Deze inleiding maakt integraal onderdeel uit van deze gedragscode. De volksvertegenwoordiging stelt zowel voor de eigen leden als voor de dagelijkse bestuurders (voorzitter en overige leden van het dagelijks bestuur) een gedragscode vast. Dat is zo vastgelegd in de Gemeentewet. De gedragscode is richtsnoer voor het handelen van individuele politieke ambtsdragers en heeft tot doel hen te ondersteunen bij de invulling van hun verantwoordelijkheid voor de integriteit van het openbaar bestuur.

Goed bestuur is integer bestuur. Daarmee is integriteit niet alleen een verantwoordelijkheid van de individuele politieke ambtsdragers, maar een gezamenlijk belang dat de hele organisatie en het hele bestuur in al zijn geledingen aangaat. De gedragscode richt zich daarom zowel tot de individuele politieke ambtsdragers als tot de bestuursorganen. Ons democratische systeem en de democratische processen kunnen niet zonder integer functionerende organen en functionarissen. Integriteit van politieke ambtsdragers verwijst naar de zorgvuldigheid die politieke ambtsdragers moeten betrachten bij het invullen van hun rol in de democratische rechtsstaat. Dat betekent de verantwoordelijkheid nemen die met de functie samenhangt en bereid zijn verantwoording af te leggen, aan collega-bestuurders en/of (leden van) de volksvertegenwoordiging en bovenal aan de burger. In de democratische rechtsstaat dient een ieder zich te houden aan de wetten en regels die op democratische wijze zijn vastgesteld.
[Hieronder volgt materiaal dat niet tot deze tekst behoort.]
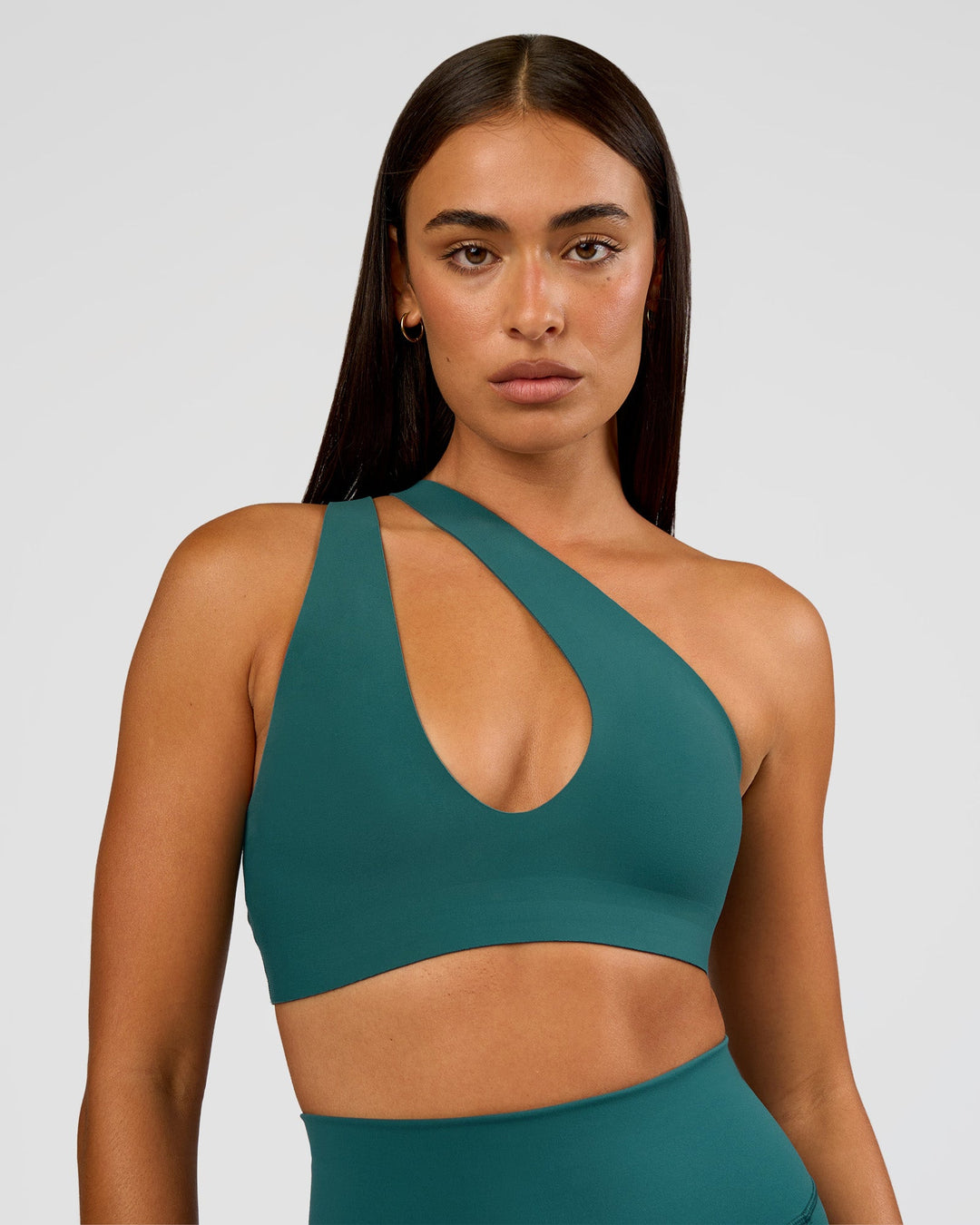 Woman wearing Bend &amp; FLX Plunge Sports Bra - Transformative Teal | Model:Ruby | Size:S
Dat geldt zeker voor de politieke ambtsdragers die (mede)verantwoordelijk zijn voor de totstandkoming van die wetten en regels. Zonder dat zal het vertrouwen in de democratische rechtsstaat worden ondermijnd en het draagvlak voor de naleving van de wetten en regels verdwijnen. Vertrekpunt voor de politieke ambtsdrager is dan ook de eed of gelofte die de politieke ambtsdrager bij de ambtsaanvaarding aflegt. Verder geldt in Beek een Integriteitconvenant met bijbehorende procedures. Integriteit is niet alleen een kwestie van regels, maar ziet ook op de onderlinge omgangsvormen. Een respectvolle omgang met burgers en organisaties, tussen politieke ambtsdragers onderling en tussen politieke ambtsdragers en medewerkers, met behoud van eigen politieke inhoud en stijl, is van groot belang.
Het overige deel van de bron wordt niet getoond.